Et c'est peut-être cette dernière remarque qui donne la clé de l'énigme en ce qui concerne l'éthique wittgensteinienne. En effet, si on admet avec Iris Murdoch que "cette capacité à diriger son attention n'est pas autre chose que l'amour"(la Souveraineté du Bien, ii) et, que, précisément, ce qui caractérise l'attitude éthique, c'est une faculté de vouloir ce qui a vraiment de la valeur pour une existence humaine, alors, une telle attitude peut tout à fait se manifester comme ce que Spinoza appelle amor intellectualis Dei : "le bien que désire pour lui-même tout homme qui pratique la vertu, il le désirera aussi pour les autres hommes, et avec d’autant plus de force qu’il aura une plus grande connaissance de Dieu"(Éthique, IV, 37). Du coup, comme le dit Kierkegaard, "de même que, du point de vue socratique, l'amour du maître ne serait que celui d'un imposteur s'il laissait l'élève dans l'idée qu'il lui doit quelque chose [...], de même l'amour du dieu [...] ne doit pas être seulement un amour qui aide mais qui engendre, par quoi le dieu fait naître le disciple"(Miettes Philosophiques, ii, 2). La valeur supérieure de l'éthique n'est pas une valeur de connaissance : "il ne peut donc y avoir de propositions de l’éthique. Les propositions ne peuvent rien exprimer de supérieur"(Wittgenstein, Tractatus, 6.42). C'est une valeur d'exemplarité : le vivre bien ne s'énonce pas, il se montre. Et, le cas échéant, il suscite l'amour. Voilà, en tout cas, qui explique pourquoi "le sens du [Tractatus] est éthique [...]. Mon travail consiste en deux parties : l'une qui est présentée ici, à quoi il faut ajouter tout ce que je n'ai pas écrit.
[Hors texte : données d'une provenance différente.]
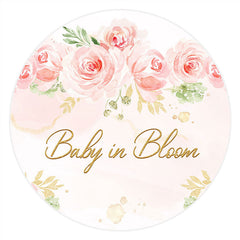 Rosa Blumen Baby In blühen Baby Dusche Runden Hintergrund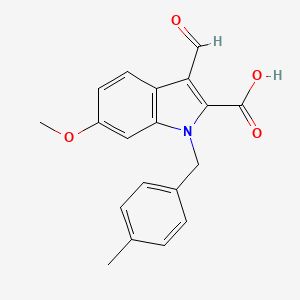 molecular formula C19H17NO4 B1392561 3-甲酰基-6-甲氧基-1-(4-甲基苄基)-1H-吲哚-2-羧酸 CAS No. 1243089-67-9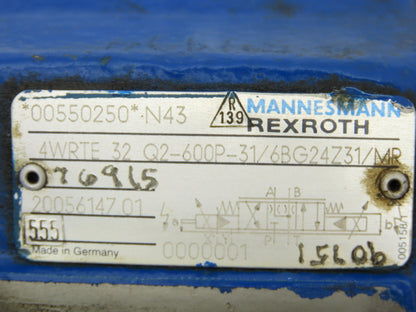 Rexroth 4WRTE 32 Q2-600P-31/6BG24Z31/MR Proportional Directional Servo Valve 24V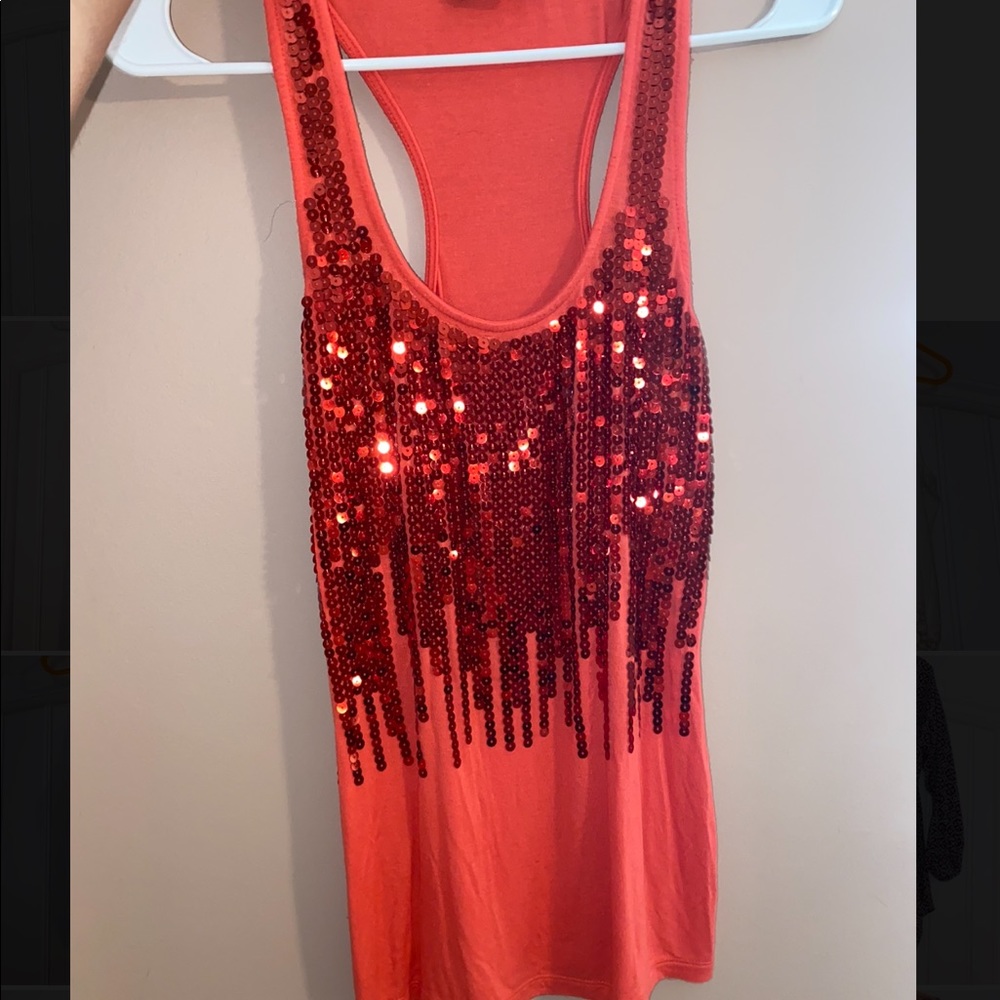 Coral/red sequined tank size S/M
Et c'est précisément cette partie-là qui représente l'essentiel. En effet, mon livre trace les limites de l'Éthique, pour ainsi dire de l'intérieur, et je suis convaincu qu'elles ne peuvent être tracées rigoureusement que de cette façon"(Wittgenstein, Lettre à Ludwig von Ficker, 20 oct. 1919).

Nous avons ainsi souligné en quoi la manière de parler des expériences éthiques fondamentales que sont l'étonnement devant l'existence du monde, la volonté d'impassibilité à l'égard des événements et la crainte d'un jugement divin, consiste réellement à "donner du front contre les bornes du langage".